Although expert testimony evidence may be admitted which relates solely to the future income potential of the property, an aspect of the unit rule nevertheless remains effective to provide that an award of compensation must reflect the value of the property as a whole. There is an important distinction between the measure of value and the evidence admissible to prove it. The award of just compensation cannot assign separate values to component parts of the property. In other words, one value cannot be given to the land, another value to the water rights, an another to the mineral rights. However, to demonstrate how the value of the property as a whole is enhanced by a natural asset, evidence can be introduced of its separate value.

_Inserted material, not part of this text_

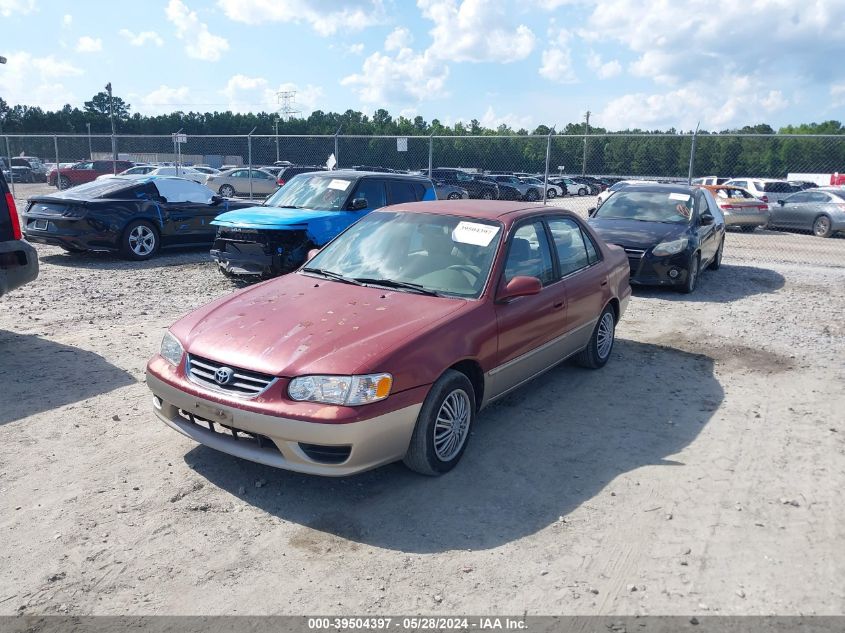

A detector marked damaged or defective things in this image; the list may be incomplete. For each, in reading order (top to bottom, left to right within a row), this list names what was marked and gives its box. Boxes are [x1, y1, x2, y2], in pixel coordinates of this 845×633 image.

damaged blue car [210, 170, 436, 276]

Just compensation for property taken in a condemnation proceeding is the fair market value of the property taken. Fair market value means the amount in terms of money that a well-informed buyer is justified in paying and a well-informed seller is justified in accepting for property in an open and competitive market, assuming that the parties are acting without undue compulsion. K.S.A. 26-513(e). Properly instructed, the jury could have found that the commercial value of the gas well on Creason's property would have an effect on the amount of money that a well-informed buyer would be justified in paying for Creason's property. The trial judge erred by failing to allow the jury to consider the testimony relative to the value of the gas well.

Reversed and remanded for a new trial.